Last week’s permit amendment allows Little Projects to change the development to hotel use, while keeping the current envelope. A two-storey warehouse currently sits on the site.
The slowing market for apartments – which has left more than one-quarter of apartments unsold in developer Fragrance’s nearby “Beyonce” tower – is hastening a trend away from residential in the Melbourne CBD that started in 2015 after overnight planning changes to density ratios prompted developers to look at other uses for sites.
The same has happened in Bankstown in Sydney’s south-west, where sites earmarked for apartments have also been put on the market.
Mr Little said the environment for residential development had changed sharply since he made the feasibility case for the Rothelowman-designed, 12-storey, 175-unit Dux project.
“We put the feaso together in the middle of what was a bull market,” he said. “It was an amazing time. Everyone was becoming a developer. This feaso stacked up really well.”
That was three and a half years ago, however.
“Today what happens with a development … you never know if it’s succeeded until all the settlements have happened,” Mr Little said.

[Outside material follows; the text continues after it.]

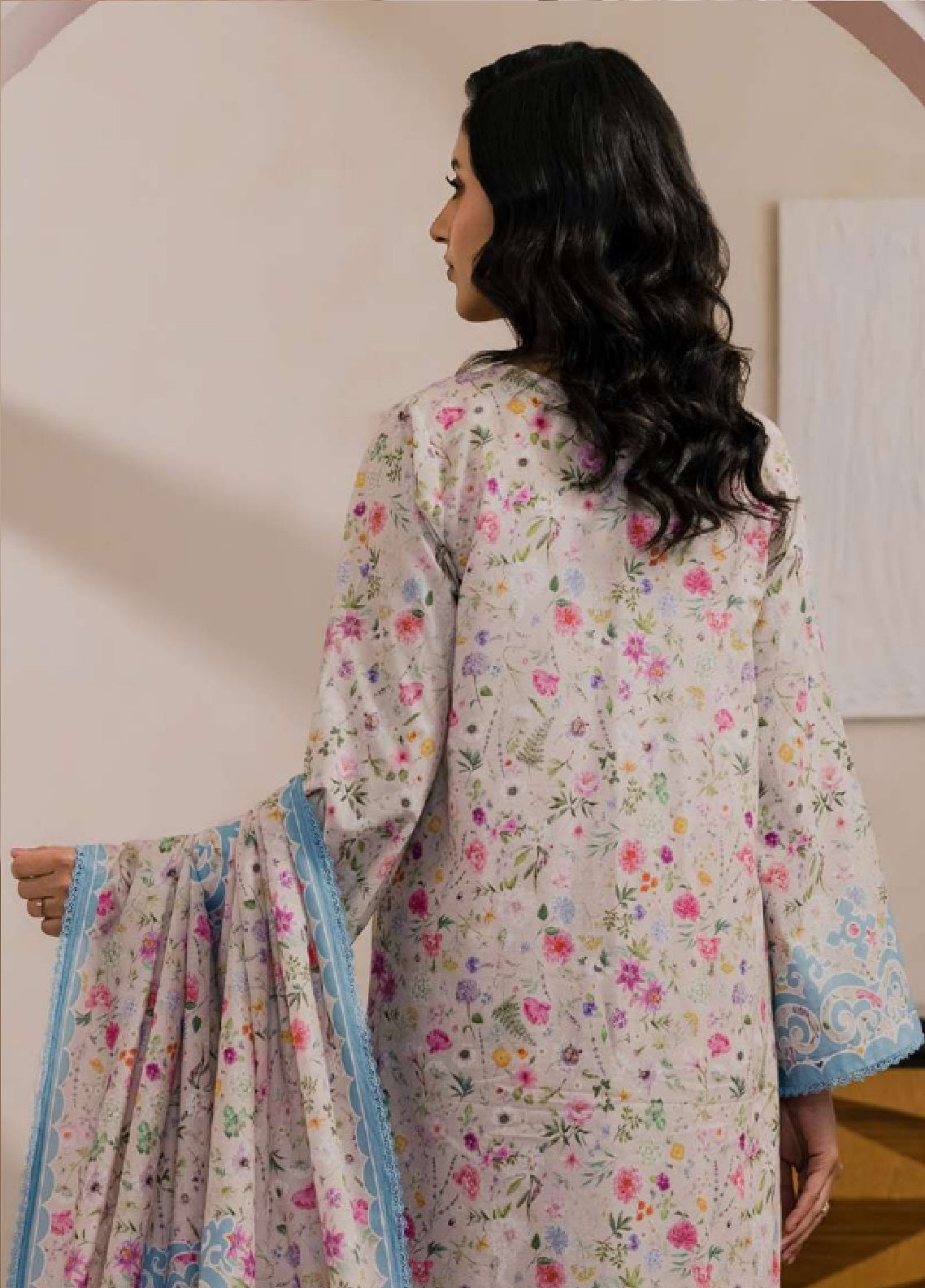 Essential By Zellbury Printed Lawn 3 Piece Unstitched Suit WUS26X30891 Essential By Zellbury Printed Lawn 3 Piece Unstitched Suit WUS26X30891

The fully-sold Dux project, about 75 per cent sold to owner-occupiers, is due to settle in coming weeks.
The value of Melbourne units has flatlined over the past 12 months, figures from data provider CoreLogic earlier this month showed. Detached house values have fallen 0.6 per cent over the same time.
As part of its diversification, Little Projects is working on a student accommodation project in the Melbourne CBD. Mr Little declined to give any further details of it on Friday.
Earlier this month, his company said it had purchased a 28-hectare site in Cranbourne West in Melbourne’s outer south-east for $19.1 million. It will develop the site at the corner of Central Parkway and Paramount Boulevard into a mixed-use development in a partnership with advisory firm Pomeroy Pacific.